Over the past few days you may have spotted headlines in the press that appear to claim the UK has two weeks to save itself from a massive cyber attack. You may be asking: what is this threat, and what is the University doing about it? Excellent questions, but let’s start from the beginning.

On the 2nd of June the UK National Crime Agency announced that it had, as part of an international collaboration, disrupted the Gameover Zeus botnet (aka GOZeus or P2PZeus), hindering the ability of infected machines to communicate with one another or the criminals behind the botnet.

What is Gameover Zeus?

Gameover Zeus is malware that allows criminals to completely control an infected computer. It’s typically used to steal online banking credentials and has also been used to spread Cryptolocker ransomware.

Once a computer is infected (usually via a malicious email attachment or by visiting a website that drops malware) it will attempt to join a peer-to-peer network of other compromised machines. Becoming a bot in the botnet.

Instructions from the botherders (criminals who run the botnet) are passed to the bots via the p2p network, effectively masking the location of the command and control infrastructure. Stolen information is passed back from the bots in the same way. This greatly frustrates any attempt to shutdown the botnet, take out one C&C server and another will spring up and join the network.

Instructions from the botherders are cryptographically signed. Otherwise it would be possible to impersonate a C&C server and send out an instruction to have the malware deactivate itself. That would be nice, but life’s not that easy.

zeus p2p botnet

Simplified diagram of the Gameover Zeus botnet
Clipart courtesy of openclipart.org

What happens in two weeks time?

Details are scarce as to exactly how the takeover has been achieved and the NCA cautions that the bad guys are likely to regain control soon. However, they estimate that we have a grace period of approximately two weeks before the Gameover botnet comes back into use.

The NCA is encouraging everyone to use this time to extricate existing Gameover Zeus infections and also to ensure their machines are as resilient as possible.

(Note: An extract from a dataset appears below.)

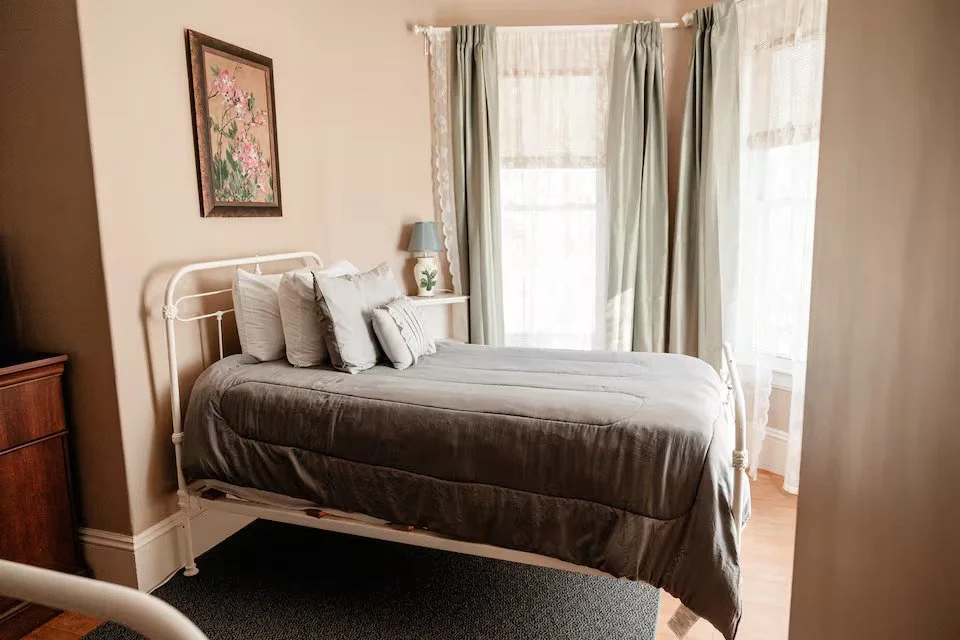 bedroom7.4.jpg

Potentially once the criminals regain control they may make a concerted effort to infect more machines. They may also seek to update their malware to prevent this happening again, without more details about the take down it is difficult to guess.

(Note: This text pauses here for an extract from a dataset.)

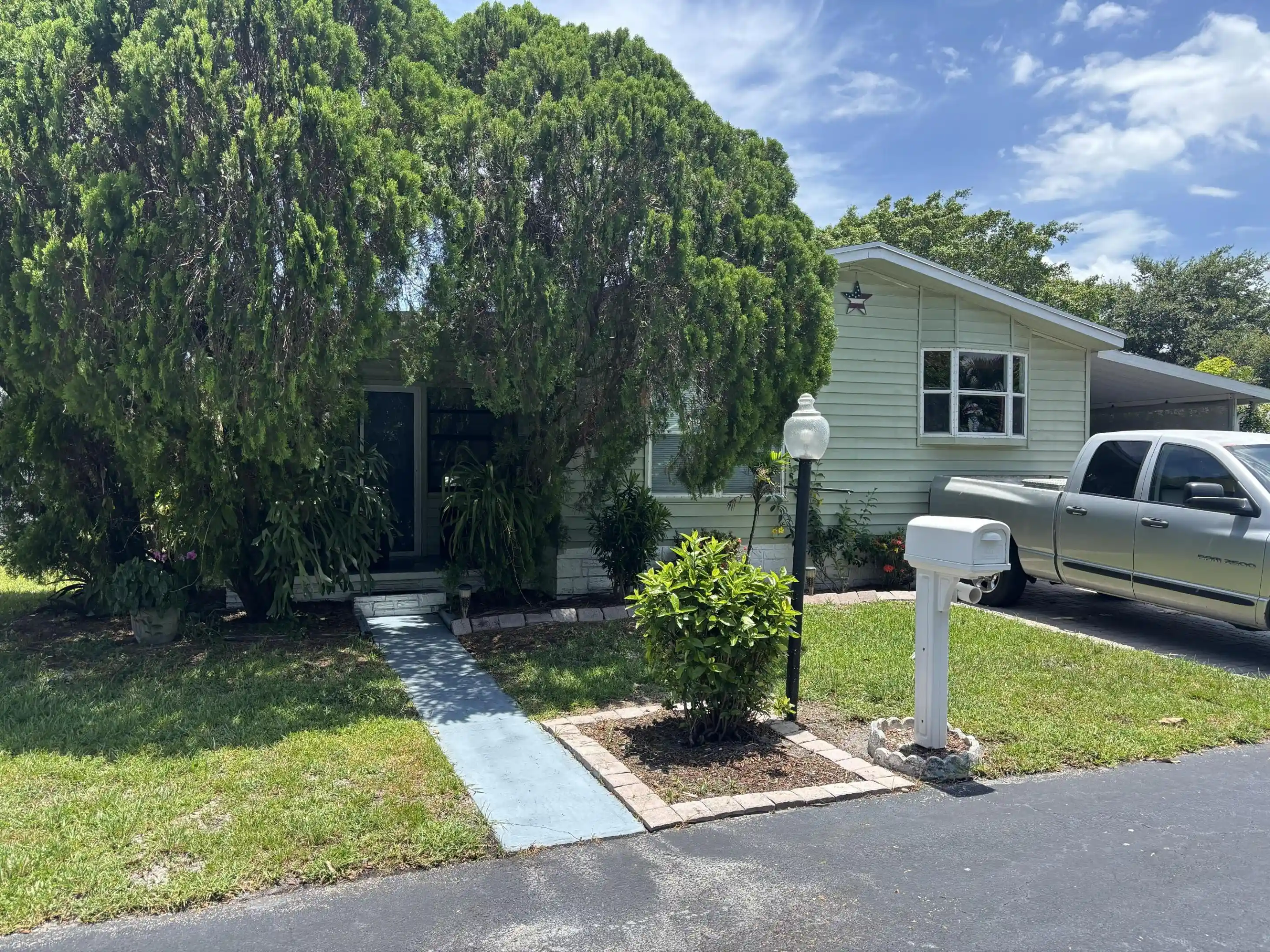 Photo 1 of Manufactured home for sale at 4520 Nw 68th Place, Coconut Creek, FL 33073 | MLS# B26044599 | Listing updated on 2026-10-30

What is the University doing about this?

OxCERT have been tackling Zeus malware in its various forms since approximately 2008 and we will be looking into what we can do to detect even more infections in the future.

We welcome the increased attention on Zeus, which is – and always has been – a serious problem. However we are unlikely to be in a much worse situation in two weeks time then we were before the take down.

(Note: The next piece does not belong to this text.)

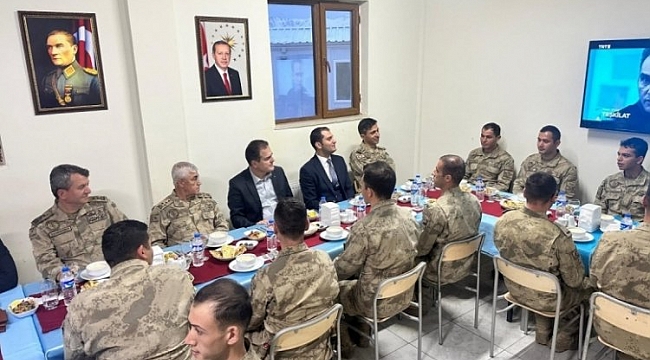 Orgeneral Çetin iftarını Mehmetçikle açtı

For now our advice remains the same, ensure you use supported operating systems and software (and keep them up to date). Install an appropriate anti-virus, again, keeping it up to date. Most importantly of all, remain vigilant; particularly beware of unsolicited emails with attachments or web links.

Also bear in mind that unscrupulous individuals may seek to take advantage of the public anxiety surrounding Zeus. If you receive a notification that you are infected please take a moment to verify the source of the information.

Jim Linwood http://www.flickr.com/photos/brighton/2153602543/

Jim Linwood http://www.flickr.com/photos/brighton/2153602543/

To Summarise 

Zeus is a serious global problem and we’re pleased to see an international effort to tackle it. But in the mean time, stay safe and don’t panic.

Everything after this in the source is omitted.